El "boom" de la novela nórdica ha propiciado que las plataformas de streaming tengan a su disposición un amplio abanico de autores e historias para uno de los géneros que mejores resultados dan, el de las miniseries de intriga. Y La cúpula de cristal, basada en el libro de Camilla Läckberg, es una más de esta estrategia que tan buenos resultados da, por ejemplo, a Netflix, que acostumbra a estrenar una ficción en este formato por semana.

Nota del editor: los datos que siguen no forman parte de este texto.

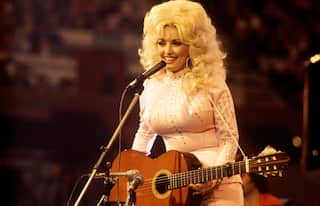 Person standing at a microphone with an acoustic guitar, wearing a light-coloured embellished outfit during a live stage performance.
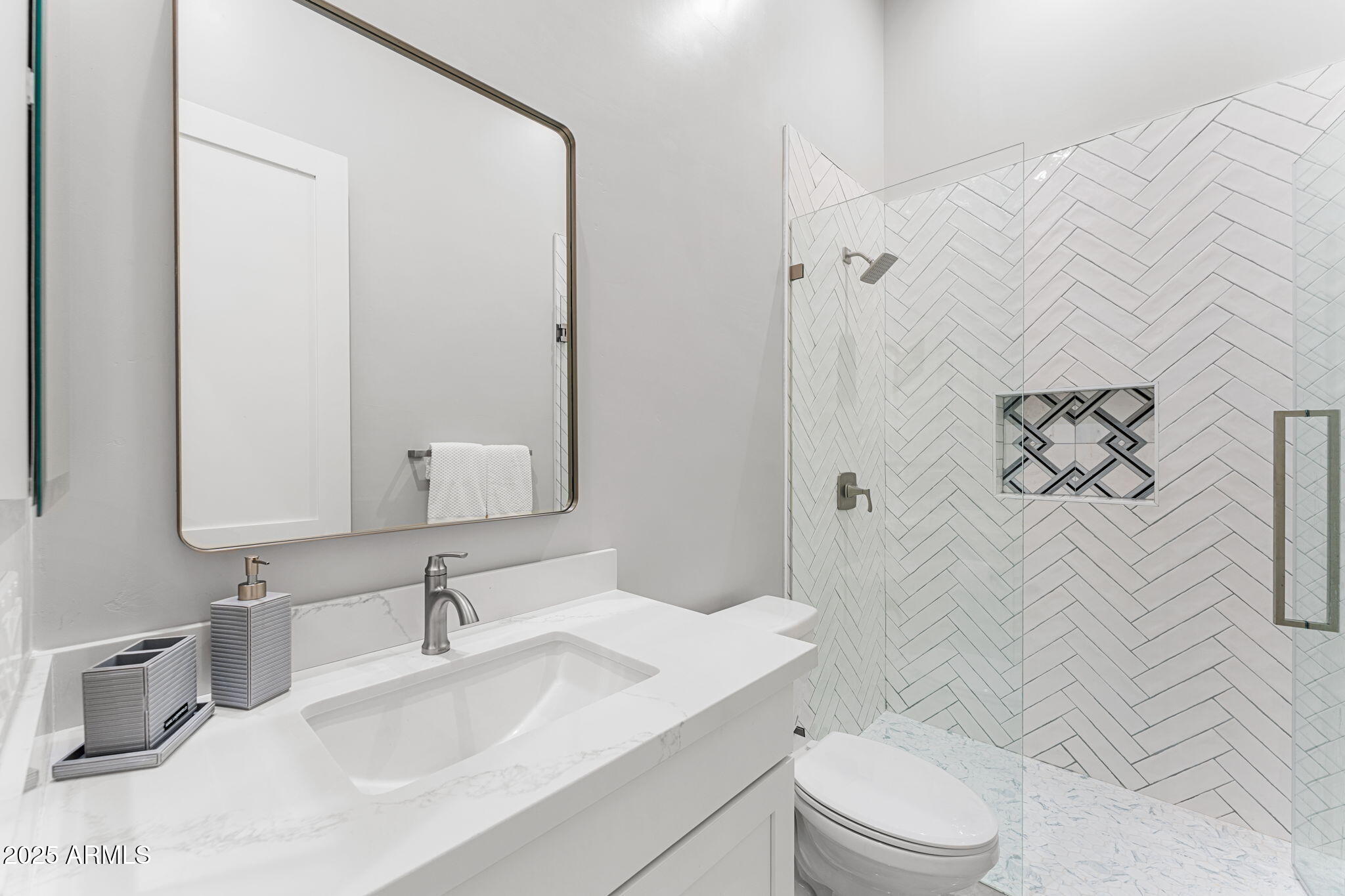 24614 South 183rd Street Gilbert, AZ 85298 - Photo 31 of 45 a bathroom with a sink a toilet and shower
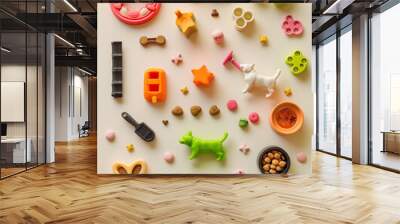 Different shaped pet accessories and food items on a light isolated background Wall mural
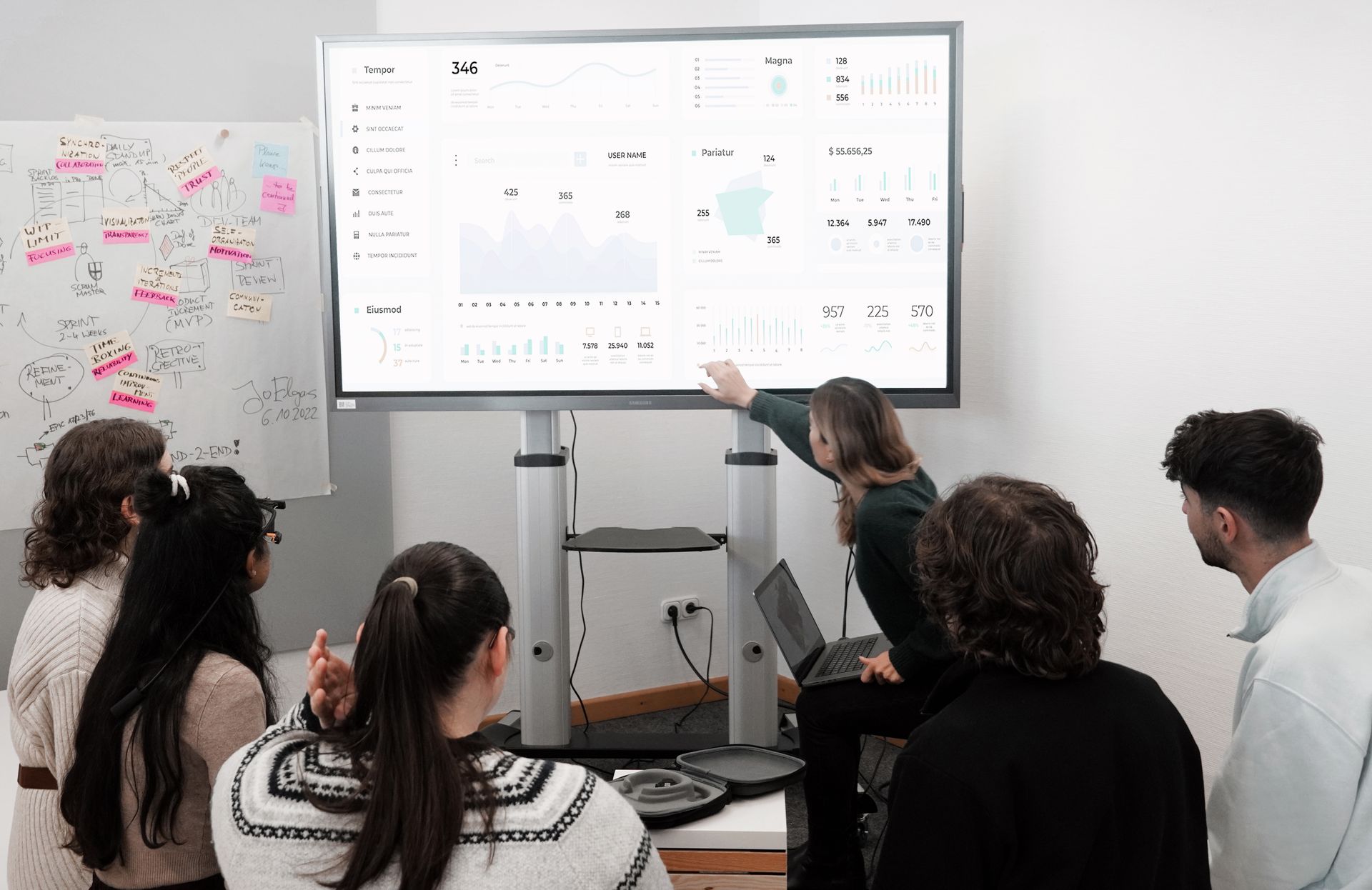 Consultants reviewing an AI-enabled delivery dashboard during a portfolio workshop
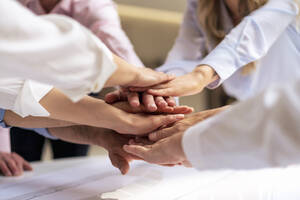 Hands of business colleagues stacking hands in office - JOSEF12318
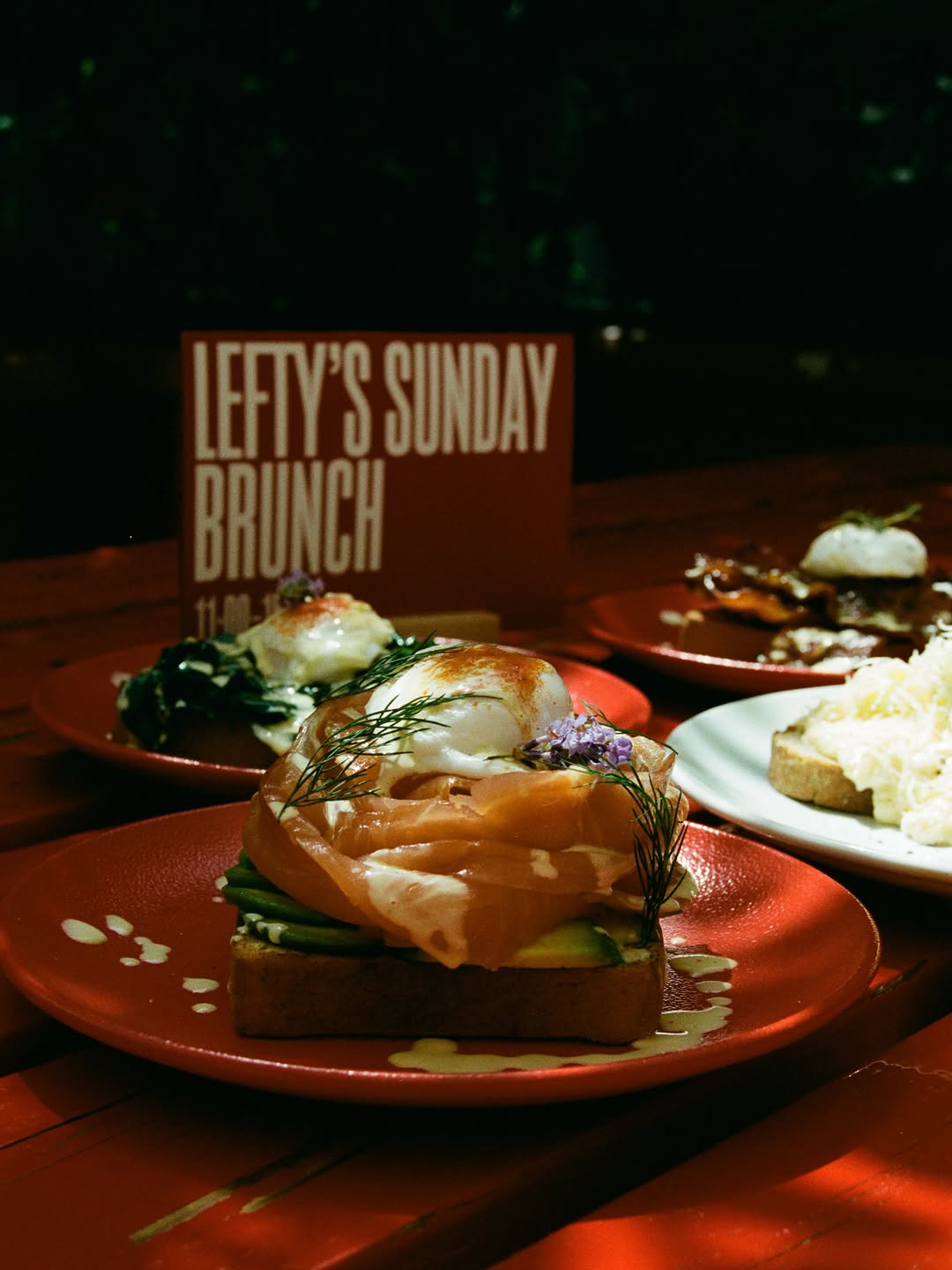 Sunday brunch on the red tables: salmon and poached-egg toasts on red plates beside a printed LEFTY'S SUNDAY BRUNCH card.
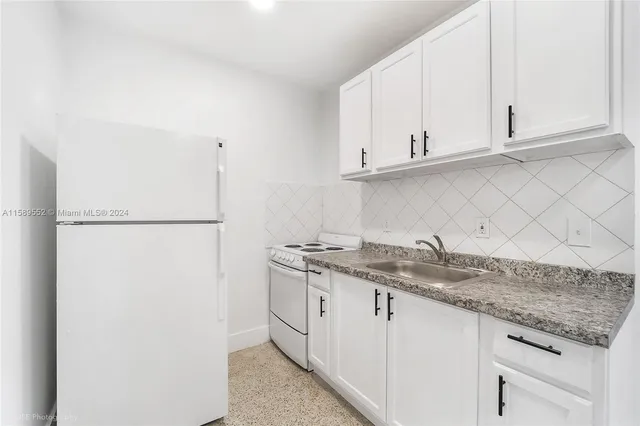 a kitchen with granite countertop white cabinets and a sink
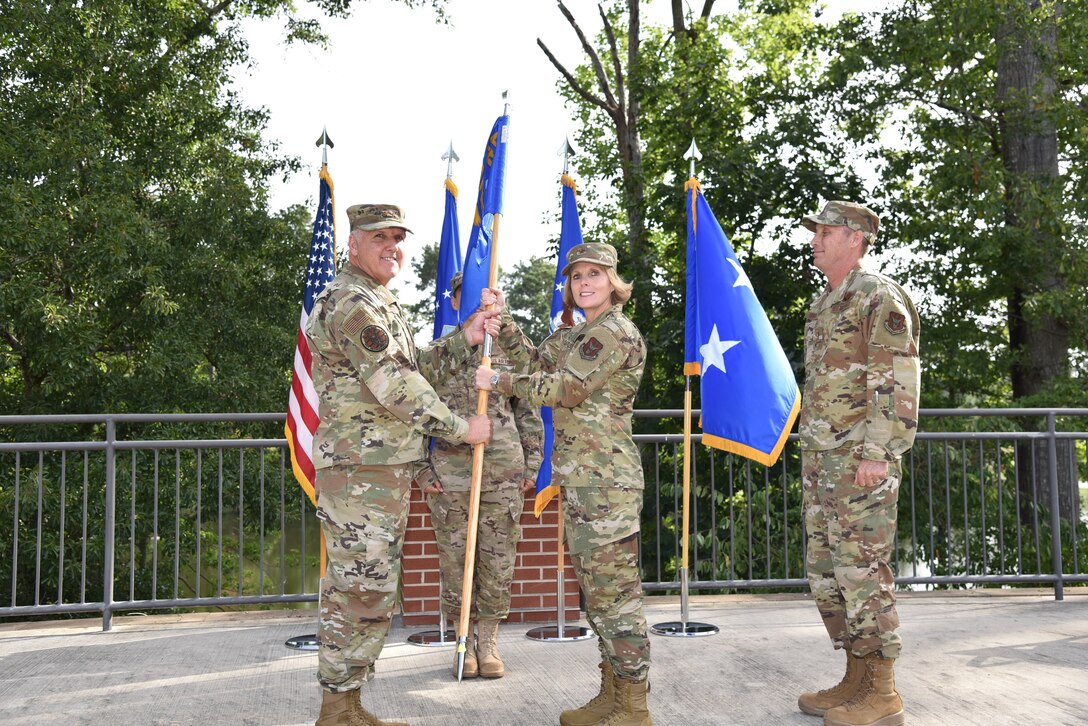 Maj. Gen. John “Jay” Flournoy Jr. passes the guidon to Brig. Gen. Stacey L. Scarisbrick suring a change of command ceremony on Robins Air Force Base in Georgia on July 15. Scarisbrick takes command of the Air Force Reserve Command Force Generation Center relieving Brig. Gen. Matthew J. Burger. (U.S. Air Force photo by Misuzu Allen)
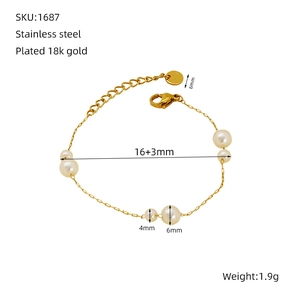 Detail of 18k gold plated stainless steel pearl bracelet showing lobster clasp and chain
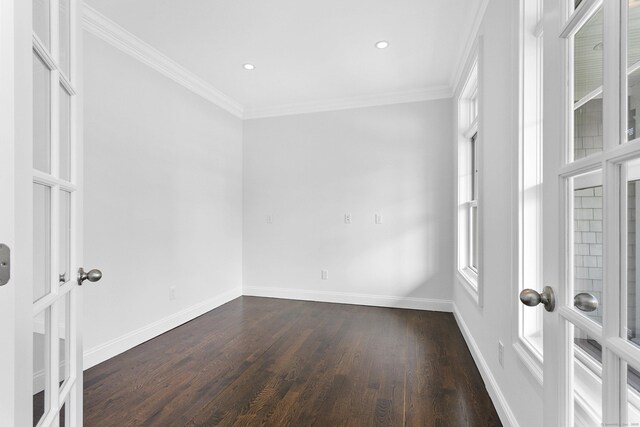 spare room featuring dark wood-style floors, ornamental molding, baseboards, recessed lighting, and french doors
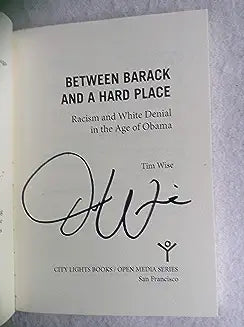 Between Barack and a Hard Place: Racism and White Denial in the Age of Obama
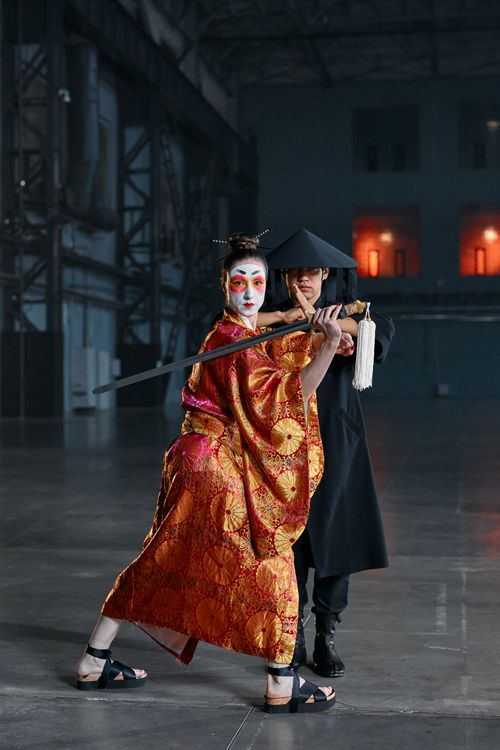 Free Captivating cosplay scene with a samurai and geisha in a dramatic pose. Stock Photo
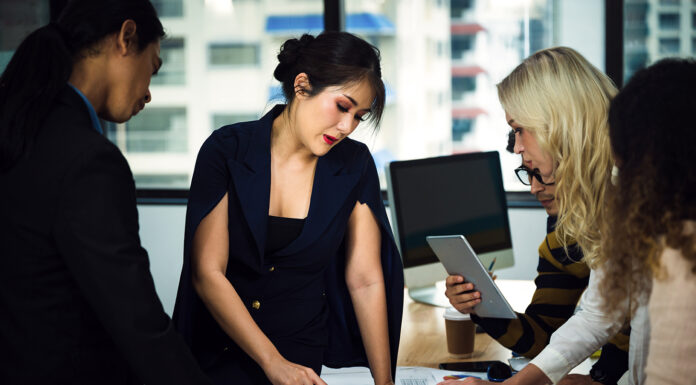 5 Reasons a Skillful Concierge is So Vital for Luxury Travel Skillful Concierge assisting people with travel destinations. Photo via Adobe Free Stock Images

Semejante ritmo, tan exigente como en cierto modo conformista, pone en una difícil tesitura a la propia serie. ¿Por qué tendría que ser superior La cúpula de cristal, en la que una psicóloga forense regresa a su pueblo natal para enfrentarse al secuestro de una niña al tiempo que revive los fantasmas de su infancia, a la argentina Atrapados, la española El jardinero, o la también sueca Los crímenes de Åre, por poner solo algunos ejemplos de las últimas semanas?
Lo cierto es que, al igual que los mil derivados de psycho-thriller que adornaron las carteleras cinematográficas de los noventa tras el éxito de El silencio de los corderos, y perduraron durante las dos décadas siguientes, La cúpula de cristal no necesita serlo para agradar a su público. La serie que protagoniza la atractiva Léonie Vincent cumple su cometido y lo cumple bien, sabedora que su mezcla de traumas personales, secretos familiares y excelentes paisajes suecos de este género en su variedad nórdica apasionan al público.
Otra cuestión bien distinta es que el guion, que ciertamente se las arregla para manejarse dentro de su previsibilidad, y pese a su acotada duración de seis episodios, se hubiera beneficiado de una buena poda para así privilegiar la tensión sobre el drama, la intensidad de las revelaciones sobre el desarrollo de personajes. Lo cierto es que, pese a que cualquier espectador espabilado puede descubrir al culpable a las primeras de cambio, La cúpula de cristal se apaña a sí misma lo bastante bien para mantener la atención durante una razonable cantidad de tiempo pese a las inevitables reiteraciones.

Pero de nada sirve pedirle peras a un olmo, y a una miniserie de Netflix que se convierta en una película de dos horas. No lo es, y por ende, solo queda valorar lo que tenemos: si bien el molde de Netflix y otras plataformas para este tipo de ficciones va camino de romperse, la serie obsequia con un par de conceptos bien plasmados, jugando con parsimonia de las autoridades, el peso del pasado sobre todos los personajes, y apretando aún más, la evidente identificación de la heroína con la niña secuestrada.
Lo mejor, su reparto, encabezado por la citada Léonie Vincent, tan inexpresiva como misteriosa, y sobre todo el más experimentado Johan Hedenberg, su padre adoptivo en la ficción. Y, por supuesto, los extraordinarios y fantasmales paisajes rurales suecos, que hacen la mitad del trabajo a sus responsables.